AIM OF THE EXERCISE -
Your task is to repeat exactly the lines below between the line holding "Creamy Broccoli Soup" and the line holding "Bauchroller mit Unterarm-Auflage", inclusive, and only those.

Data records
== == ==

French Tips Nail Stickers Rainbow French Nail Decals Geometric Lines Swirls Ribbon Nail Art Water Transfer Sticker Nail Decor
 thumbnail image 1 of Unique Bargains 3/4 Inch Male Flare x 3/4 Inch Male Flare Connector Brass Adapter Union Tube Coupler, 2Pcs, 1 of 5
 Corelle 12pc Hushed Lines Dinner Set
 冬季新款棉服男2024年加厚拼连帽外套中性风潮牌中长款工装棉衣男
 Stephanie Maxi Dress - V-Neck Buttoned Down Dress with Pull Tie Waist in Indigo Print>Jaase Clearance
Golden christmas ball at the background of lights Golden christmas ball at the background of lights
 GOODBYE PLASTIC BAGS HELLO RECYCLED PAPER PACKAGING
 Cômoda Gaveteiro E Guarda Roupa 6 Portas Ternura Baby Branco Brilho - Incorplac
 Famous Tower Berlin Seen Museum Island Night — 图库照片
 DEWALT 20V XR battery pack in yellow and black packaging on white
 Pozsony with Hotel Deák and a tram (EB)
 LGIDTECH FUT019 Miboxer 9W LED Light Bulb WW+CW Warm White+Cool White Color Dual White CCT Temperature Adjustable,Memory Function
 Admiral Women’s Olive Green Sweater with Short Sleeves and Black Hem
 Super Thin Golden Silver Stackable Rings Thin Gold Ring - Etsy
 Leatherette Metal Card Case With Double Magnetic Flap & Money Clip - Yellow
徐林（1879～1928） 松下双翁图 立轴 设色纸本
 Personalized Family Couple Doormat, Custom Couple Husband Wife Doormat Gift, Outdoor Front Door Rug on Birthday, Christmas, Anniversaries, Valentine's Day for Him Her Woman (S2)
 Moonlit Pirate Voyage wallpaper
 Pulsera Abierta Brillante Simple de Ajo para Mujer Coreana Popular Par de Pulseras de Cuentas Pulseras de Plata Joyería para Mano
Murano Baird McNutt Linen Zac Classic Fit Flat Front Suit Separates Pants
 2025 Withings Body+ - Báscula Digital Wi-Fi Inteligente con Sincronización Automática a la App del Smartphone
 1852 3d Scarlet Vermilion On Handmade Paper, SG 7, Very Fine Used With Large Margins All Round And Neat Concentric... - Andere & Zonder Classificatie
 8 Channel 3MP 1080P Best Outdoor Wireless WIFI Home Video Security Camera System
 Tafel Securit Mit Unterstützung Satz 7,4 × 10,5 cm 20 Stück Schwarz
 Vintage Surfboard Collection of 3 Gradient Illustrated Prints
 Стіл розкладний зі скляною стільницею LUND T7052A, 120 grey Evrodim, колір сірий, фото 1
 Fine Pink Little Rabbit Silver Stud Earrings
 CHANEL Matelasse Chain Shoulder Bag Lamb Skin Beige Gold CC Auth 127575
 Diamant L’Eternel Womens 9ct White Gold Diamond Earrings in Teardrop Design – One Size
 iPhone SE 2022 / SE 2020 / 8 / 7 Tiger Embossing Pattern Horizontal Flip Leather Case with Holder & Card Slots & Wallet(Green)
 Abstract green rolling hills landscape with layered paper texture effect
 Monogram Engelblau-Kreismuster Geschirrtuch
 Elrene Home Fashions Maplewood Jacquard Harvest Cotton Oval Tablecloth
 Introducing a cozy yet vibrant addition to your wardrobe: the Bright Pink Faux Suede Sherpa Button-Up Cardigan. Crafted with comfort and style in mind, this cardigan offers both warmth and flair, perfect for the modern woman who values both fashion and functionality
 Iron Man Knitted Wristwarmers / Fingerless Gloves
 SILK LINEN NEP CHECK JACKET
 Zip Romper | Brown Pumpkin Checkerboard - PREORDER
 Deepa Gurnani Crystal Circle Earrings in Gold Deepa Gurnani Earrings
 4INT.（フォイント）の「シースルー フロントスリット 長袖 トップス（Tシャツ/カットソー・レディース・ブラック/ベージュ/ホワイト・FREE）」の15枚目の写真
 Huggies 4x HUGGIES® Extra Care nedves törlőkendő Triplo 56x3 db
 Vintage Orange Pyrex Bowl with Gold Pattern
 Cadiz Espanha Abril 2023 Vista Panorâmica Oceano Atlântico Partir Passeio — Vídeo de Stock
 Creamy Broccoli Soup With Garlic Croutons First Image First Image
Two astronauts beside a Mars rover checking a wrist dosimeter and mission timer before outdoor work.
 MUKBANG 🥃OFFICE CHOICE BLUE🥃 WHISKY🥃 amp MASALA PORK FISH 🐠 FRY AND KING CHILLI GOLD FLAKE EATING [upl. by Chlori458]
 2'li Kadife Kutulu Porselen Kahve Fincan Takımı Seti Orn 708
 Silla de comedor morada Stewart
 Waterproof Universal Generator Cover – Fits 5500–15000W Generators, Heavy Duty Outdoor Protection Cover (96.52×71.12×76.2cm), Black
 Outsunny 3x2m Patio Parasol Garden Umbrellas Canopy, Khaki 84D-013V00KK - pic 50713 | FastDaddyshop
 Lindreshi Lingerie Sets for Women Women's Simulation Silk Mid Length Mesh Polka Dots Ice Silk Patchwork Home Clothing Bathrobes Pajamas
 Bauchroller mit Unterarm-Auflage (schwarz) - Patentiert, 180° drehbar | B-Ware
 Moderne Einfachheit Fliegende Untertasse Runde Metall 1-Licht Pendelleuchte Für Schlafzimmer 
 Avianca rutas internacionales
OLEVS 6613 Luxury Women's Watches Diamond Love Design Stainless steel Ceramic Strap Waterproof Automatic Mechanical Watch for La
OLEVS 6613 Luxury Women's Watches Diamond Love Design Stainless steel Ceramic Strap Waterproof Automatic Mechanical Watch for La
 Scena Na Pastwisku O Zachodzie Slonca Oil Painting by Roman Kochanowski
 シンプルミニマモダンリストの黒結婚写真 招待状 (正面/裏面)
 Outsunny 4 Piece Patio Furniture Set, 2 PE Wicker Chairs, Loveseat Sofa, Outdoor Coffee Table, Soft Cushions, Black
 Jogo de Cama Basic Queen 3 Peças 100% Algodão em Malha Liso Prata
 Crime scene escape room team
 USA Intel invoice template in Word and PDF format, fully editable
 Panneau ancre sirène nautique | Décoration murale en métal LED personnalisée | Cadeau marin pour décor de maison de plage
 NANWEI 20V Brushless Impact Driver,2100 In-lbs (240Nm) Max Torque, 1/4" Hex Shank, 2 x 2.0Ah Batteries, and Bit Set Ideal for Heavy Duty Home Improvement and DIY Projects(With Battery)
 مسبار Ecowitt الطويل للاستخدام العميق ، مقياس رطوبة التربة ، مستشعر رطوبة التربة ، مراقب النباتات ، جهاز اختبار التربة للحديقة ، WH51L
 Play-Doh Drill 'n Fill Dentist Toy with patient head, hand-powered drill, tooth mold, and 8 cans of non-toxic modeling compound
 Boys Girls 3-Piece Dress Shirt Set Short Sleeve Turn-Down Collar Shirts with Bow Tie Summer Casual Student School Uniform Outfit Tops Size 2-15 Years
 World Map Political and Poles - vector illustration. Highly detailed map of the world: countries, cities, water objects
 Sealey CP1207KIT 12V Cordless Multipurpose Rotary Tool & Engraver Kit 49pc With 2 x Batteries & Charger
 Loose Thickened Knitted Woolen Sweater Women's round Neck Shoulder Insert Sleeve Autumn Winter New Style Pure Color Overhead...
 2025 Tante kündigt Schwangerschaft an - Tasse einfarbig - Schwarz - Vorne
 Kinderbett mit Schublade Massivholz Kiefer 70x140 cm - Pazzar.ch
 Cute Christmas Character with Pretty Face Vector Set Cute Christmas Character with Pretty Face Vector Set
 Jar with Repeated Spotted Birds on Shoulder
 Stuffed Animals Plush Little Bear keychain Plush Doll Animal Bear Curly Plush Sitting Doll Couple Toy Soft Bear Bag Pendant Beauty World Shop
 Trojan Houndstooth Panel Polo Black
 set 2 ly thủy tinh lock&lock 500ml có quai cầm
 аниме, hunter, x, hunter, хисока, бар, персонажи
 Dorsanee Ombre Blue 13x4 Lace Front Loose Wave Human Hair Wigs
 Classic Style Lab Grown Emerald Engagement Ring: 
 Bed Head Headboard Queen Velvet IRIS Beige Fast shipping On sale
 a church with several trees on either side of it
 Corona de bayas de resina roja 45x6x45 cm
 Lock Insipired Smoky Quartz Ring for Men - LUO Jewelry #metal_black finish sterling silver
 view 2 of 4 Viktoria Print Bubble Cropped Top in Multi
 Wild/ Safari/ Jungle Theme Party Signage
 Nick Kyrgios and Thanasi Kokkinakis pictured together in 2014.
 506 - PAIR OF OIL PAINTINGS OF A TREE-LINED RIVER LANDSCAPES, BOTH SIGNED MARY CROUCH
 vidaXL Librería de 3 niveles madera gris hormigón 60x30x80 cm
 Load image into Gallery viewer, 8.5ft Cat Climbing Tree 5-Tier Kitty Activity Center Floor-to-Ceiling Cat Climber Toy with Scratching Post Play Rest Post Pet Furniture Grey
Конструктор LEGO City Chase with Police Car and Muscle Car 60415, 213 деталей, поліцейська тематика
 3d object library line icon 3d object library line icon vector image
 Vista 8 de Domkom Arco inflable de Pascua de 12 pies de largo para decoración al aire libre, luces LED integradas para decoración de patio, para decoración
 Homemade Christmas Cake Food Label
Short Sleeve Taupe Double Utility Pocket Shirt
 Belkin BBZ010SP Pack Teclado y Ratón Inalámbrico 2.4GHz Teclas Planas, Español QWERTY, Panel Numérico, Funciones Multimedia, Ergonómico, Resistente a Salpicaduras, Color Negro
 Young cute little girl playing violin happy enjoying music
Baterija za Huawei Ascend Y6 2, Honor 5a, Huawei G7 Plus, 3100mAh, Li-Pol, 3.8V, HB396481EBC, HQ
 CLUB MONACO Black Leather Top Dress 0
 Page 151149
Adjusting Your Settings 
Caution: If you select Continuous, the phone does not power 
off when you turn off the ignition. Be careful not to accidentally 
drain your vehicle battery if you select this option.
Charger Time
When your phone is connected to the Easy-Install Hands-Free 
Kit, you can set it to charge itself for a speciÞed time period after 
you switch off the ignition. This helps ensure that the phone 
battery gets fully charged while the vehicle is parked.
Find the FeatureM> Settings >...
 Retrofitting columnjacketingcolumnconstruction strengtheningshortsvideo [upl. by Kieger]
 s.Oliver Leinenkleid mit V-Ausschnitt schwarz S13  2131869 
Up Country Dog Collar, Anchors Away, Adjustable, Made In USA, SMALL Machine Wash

== == ==

YOUR SOLUTION -
 Creamy Broccoli Soup With Garlic Croutons First Image First Image
Two astronauts beside a Mars rover checking a wrist dosimeter and mission timer before outdoor work.
 MUKBANG 🥃OFFICE CHOICE BLUE🥃 WHISKY🥃 amp MASALA PORK FISH 🐠 FRY AND KING CHILLI GOLD FLAKE EATING [upl. by Chlori458]
 2'li Kadife Kutulu Porselen Kahve Fincan Takımı Seti Orn 708
 Silla de comedor morada Stewart
 Waterproof Universal Generator Cover – Fits 5500–15000W Generators, Heavy Duty Outdoor Protection Cover (96.52×71.12×76.2cm), Black
 Outsunny 3x2m Patio Parasol Garden Umbrellas Canopy, Khaki 84D-013V00KK - pic 50713 | FastDaddyshop
 Lindreshi Lingerie Sets for Women Women's Simulation Silk Mid Length Mesh Polka Dots Ice Silk Patchwork Home Clothing Bathrobes Pajamas
 Bauchroller mit Unterarm-Auflage (schwarz) - Patentiert, 180° drehbar | B-Ware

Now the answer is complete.